Sectionalism and the Civil War

  • The Three-Fifths Compromise

    The Three-Fifths Compromise
    One of many Congressional compromises that attempted to solve the issue of Congressional representation that accounted for slaves. While the white population was still recorded as a 1:1 ratio, the slaves were now recorded at a 3:5 ratio. Every three out of five slaves were counted.
  • Missouri Compromise

    In the effort to keep the balance between slave states and free states in the Union, Congress signed the Missouri Compromise, allowing Missouri to enter the Union as a slave state and Maine as a free state.
  • "The Liberator" Founded

    "The Liberator" Founded
    William Lloyd Garrison and Isaac Knapp co-published weekly issues of this abolitionist newspaper, "The Liberator." This paper circulated from Boston for about 35 years.

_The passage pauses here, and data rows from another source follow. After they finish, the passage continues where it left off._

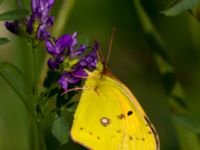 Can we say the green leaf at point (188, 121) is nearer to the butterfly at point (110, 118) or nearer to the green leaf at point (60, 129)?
the butterfly at point (110, 118)

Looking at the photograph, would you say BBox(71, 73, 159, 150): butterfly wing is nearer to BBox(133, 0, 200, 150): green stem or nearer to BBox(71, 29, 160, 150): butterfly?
BBox(71, 29, 160, 150): butterfly

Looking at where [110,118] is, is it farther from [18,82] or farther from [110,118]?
[18,82]

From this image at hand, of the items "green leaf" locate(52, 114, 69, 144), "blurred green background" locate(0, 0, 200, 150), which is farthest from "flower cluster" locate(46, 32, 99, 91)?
"blurred green background" locate(0, 0, 200, 150)

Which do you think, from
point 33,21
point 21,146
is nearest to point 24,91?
point 33,21

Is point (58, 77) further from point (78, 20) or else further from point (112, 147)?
point (78, 20)

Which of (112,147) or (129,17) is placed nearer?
(112,147)

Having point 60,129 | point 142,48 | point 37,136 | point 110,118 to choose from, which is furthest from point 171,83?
point 142,48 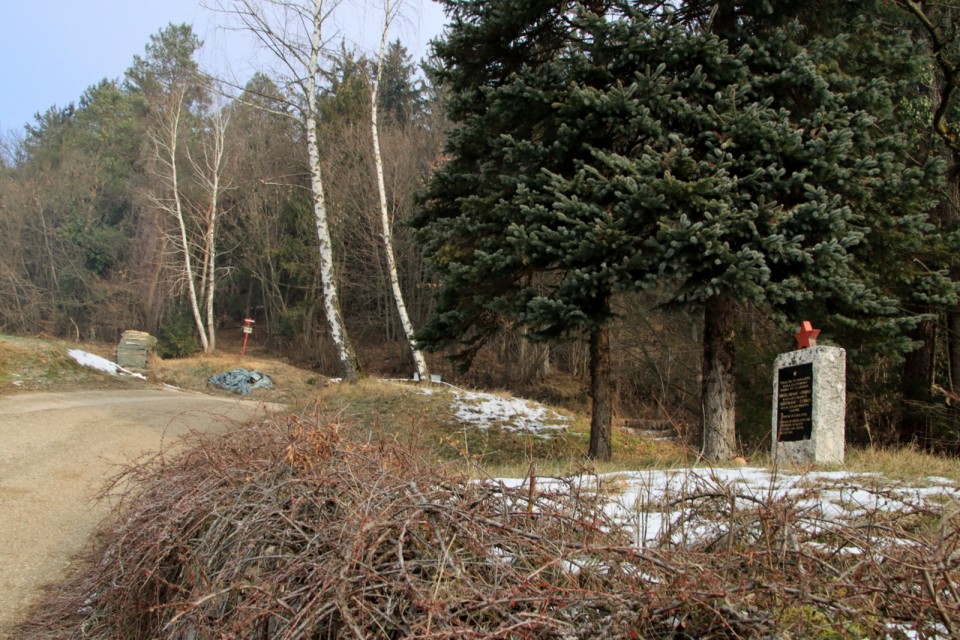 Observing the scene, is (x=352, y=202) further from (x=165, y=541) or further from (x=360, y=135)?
(x=165, y=541)

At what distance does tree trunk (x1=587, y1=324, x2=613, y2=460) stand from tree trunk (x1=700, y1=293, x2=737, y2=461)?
4.69 feet

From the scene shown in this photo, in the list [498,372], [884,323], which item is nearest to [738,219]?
[884,323]

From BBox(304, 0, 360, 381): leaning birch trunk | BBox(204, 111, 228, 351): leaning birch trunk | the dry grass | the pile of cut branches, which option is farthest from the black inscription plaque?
BBox(204, 111, 228, 351): leaning birch trunk

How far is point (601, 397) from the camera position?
10406 millimetres

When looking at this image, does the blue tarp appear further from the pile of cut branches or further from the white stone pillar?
the pile of cut branches

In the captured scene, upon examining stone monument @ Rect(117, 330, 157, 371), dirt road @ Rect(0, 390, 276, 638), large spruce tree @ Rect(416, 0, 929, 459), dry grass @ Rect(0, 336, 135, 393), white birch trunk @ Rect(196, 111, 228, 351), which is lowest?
dirt road @ Rect(0, 390, 276, 638)

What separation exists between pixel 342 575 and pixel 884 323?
7996 mm

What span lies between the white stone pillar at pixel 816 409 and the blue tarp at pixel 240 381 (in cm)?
1461

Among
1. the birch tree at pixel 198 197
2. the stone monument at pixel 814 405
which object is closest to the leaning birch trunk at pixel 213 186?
the birch tree at pixel 198 197

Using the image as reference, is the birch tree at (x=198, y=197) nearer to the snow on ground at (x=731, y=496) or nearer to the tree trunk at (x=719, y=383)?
the tree trunk at (x=719, y=383)

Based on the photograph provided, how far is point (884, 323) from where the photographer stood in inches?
338

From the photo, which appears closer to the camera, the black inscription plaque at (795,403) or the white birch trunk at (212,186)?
the black inscription plaque at (795,403)

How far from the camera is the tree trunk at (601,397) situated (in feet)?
33.8

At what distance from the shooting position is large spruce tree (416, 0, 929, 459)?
311 inches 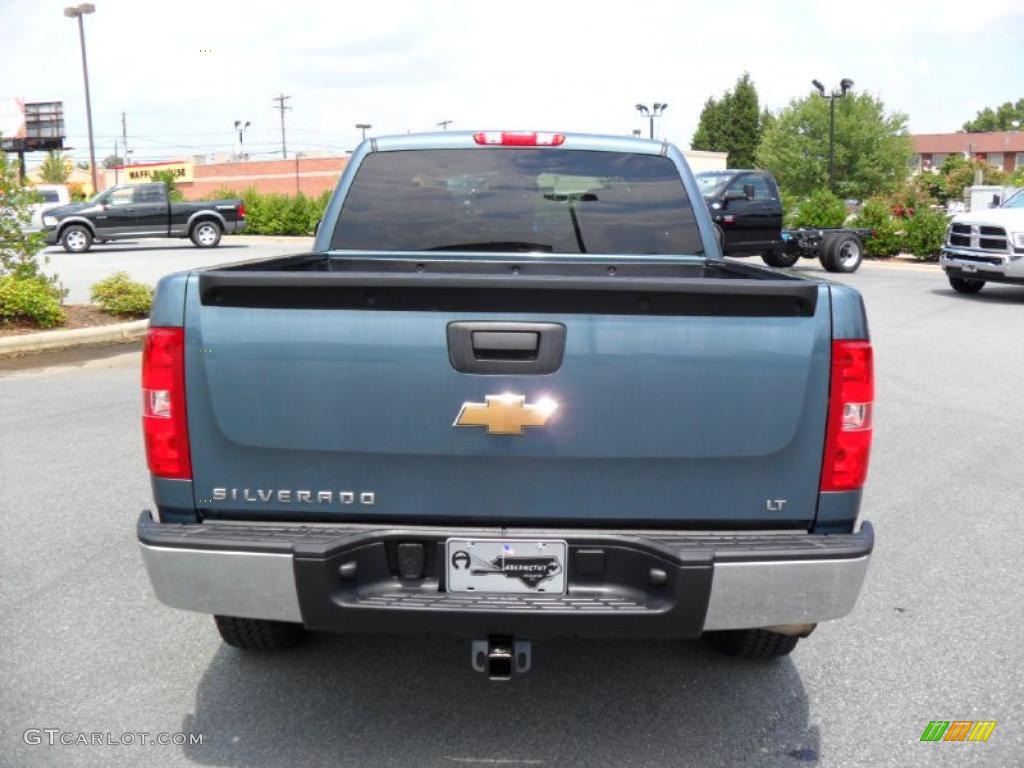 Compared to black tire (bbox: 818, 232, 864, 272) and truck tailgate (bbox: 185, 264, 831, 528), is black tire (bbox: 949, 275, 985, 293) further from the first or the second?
truck tailgate (bbox: 185, 264, 831, 528)

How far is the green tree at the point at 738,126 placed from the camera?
335ft

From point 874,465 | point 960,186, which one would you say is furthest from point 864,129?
point 874,465

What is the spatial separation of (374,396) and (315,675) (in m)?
1.42

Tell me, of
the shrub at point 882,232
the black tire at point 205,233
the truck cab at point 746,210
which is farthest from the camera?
the black tire at point 205,233

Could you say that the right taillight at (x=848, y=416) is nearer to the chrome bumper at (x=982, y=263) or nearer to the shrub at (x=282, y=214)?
the chrome bumper at (x=982, y=263)

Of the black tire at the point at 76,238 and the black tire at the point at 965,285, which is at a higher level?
the black tire at the point at 76,238

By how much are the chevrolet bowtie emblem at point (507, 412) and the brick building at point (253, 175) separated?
77.1 m

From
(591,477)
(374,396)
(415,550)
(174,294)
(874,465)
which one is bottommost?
(874,465)

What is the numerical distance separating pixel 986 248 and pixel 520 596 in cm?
1586

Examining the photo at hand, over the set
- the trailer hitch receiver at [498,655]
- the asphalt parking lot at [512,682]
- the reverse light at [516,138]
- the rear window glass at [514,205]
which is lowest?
the asphalt parking lot at [512,682]

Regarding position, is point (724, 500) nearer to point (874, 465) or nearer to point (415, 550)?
point (415, 550)

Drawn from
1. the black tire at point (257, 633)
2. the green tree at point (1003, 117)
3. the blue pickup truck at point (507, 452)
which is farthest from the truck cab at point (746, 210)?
the green tree at point (1003, 117)

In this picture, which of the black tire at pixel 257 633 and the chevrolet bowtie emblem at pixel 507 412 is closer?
the chevrolet bowtie emblem at pixel 507 412

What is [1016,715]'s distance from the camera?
11.7 feet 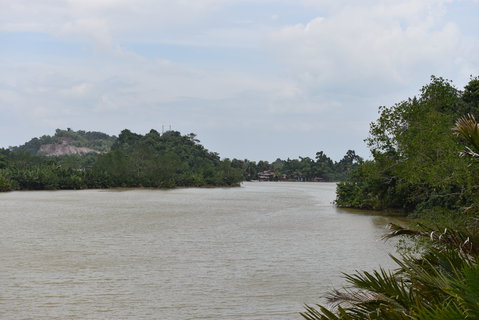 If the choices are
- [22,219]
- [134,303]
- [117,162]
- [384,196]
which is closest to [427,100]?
[384,196]

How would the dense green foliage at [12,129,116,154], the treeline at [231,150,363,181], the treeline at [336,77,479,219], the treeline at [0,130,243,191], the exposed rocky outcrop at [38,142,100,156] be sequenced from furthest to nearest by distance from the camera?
the dense green foliage at [12,129,116,154], the exposed rocky outcrop at [38,142,100,156], the treeline at [231,150,363,181], the treeline at [0,130,243,191], the treeline at [336,77,479,219]

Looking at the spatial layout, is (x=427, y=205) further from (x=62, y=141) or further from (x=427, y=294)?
(x=62, y=141)

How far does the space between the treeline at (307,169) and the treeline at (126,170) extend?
99.2ft

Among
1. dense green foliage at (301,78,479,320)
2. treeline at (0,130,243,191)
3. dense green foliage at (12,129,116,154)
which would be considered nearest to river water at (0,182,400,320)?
dense green foliage at (301,78,479,320)

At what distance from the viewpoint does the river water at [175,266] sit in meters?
10.1

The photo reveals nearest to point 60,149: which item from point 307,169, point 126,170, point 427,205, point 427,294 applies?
point 307,169

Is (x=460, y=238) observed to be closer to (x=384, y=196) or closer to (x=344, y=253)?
(x=344, y=253)

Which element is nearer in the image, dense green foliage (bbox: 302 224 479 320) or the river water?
dense green foliage (bbox: 302 224 479 320)

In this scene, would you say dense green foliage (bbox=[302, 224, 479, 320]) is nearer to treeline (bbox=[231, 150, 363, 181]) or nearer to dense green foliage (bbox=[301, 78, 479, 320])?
dense green foliage (bbox=[301, 78, 479, 320])

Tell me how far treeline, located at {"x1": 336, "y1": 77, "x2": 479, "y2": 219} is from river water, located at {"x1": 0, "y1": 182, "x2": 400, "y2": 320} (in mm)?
2908

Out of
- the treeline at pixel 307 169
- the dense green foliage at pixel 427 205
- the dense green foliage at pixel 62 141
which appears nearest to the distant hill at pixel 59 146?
the dense green foliage at pixel 62 141

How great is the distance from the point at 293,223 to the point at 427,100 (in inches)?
363

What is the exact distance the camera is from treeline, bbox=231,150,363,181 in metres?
143

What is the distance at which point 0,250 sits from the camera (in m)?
17.1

Using his power of the press, Garrison also helped create some of the United State's first anti-slavery groups.
  • The Compromise of 1850

    The Compromise of 1850
    In an effort to decide what to do with the territory gained from the Mexican-American War, this package of five bills would have Texas relinquish some land, but were given 10 million dollars, used to pay of its debt to Mexico, the territories of New Mexico, Nevada, Arizona, and Utah were organized without any mention of slavery, the Washington D.C. slave trade was abolished, but still permitted slavery in the nation's capital, and allowed California to enter the Union as a free state.
  • The Fugitive Slave Act

    The Fugitive Slave Act
    After the passing of the Fugitive Slave Act in Congress, it was now the duty of any law officer to detain any runaway slaves, and in failure to do so, fined $1,000, which today would amount to $30,303. The only evidence neccessary to incarcerate a runaway slave was the testimony of the owner.
  • Uncle Tom's Cabin Published

    Uncle Tom's Cabin Published
    Harriet Beecher Stowe, a white woman from Connecticut, had an experience with a runaway slave, where the slave had knocked on her door. She sheltered the slave, aware of the fugitive slave laws, and got the oppurtunity to hear a first hand account on just how bad the situation was in the south. She later published this information in a narative, Uncle Tom's Cabin, an anti-slavery book which soon became a record selling story, and helped lay the foundation for the Civil War.
  • Kansas-Nebraska Act

    Kansas-Nebraska Act
    The Kansas-Nebraska Act repealed the Missouri Compromise when is allowed the Kansas and Nebraska territories to choose via popular soverignty whether or not they wanted to be a slave or free state. This allowed for the possibility of having slaves above the 36 latitude line.
  • Dred Scott v. Sandford Decision

    Dred Scott v. Sandford Decision
    One of the most contraversial cases in Supreme Court history, the Dred Scott decision declared that no black, free or slave, would be able to claim citizenship, and a slave was not free, even after living in free states. This heightened abolitionist activities, and increases the angst between the north and the south.
  • John Brown Raid

    John Brown Raid
    John Brown wanted to arm the slaves in a rebellion, and raid the United States Armory in Harpers Ferry, Virginia with his 5 sons. Later on, he was accompanied by other townspeople, eventually overtaking the armory.
  • South Carolina's Secession

    South Carolina's Secession
    After the election of 1860, and Abraham Lincoln is sworn into office, the southern states, in fear of the abolishment of slavery and in an effort to maintain the southern way of life, they begin to secede from the union and form the Conferderate States of America. South Carolina is the first to secede, with the others following soon after.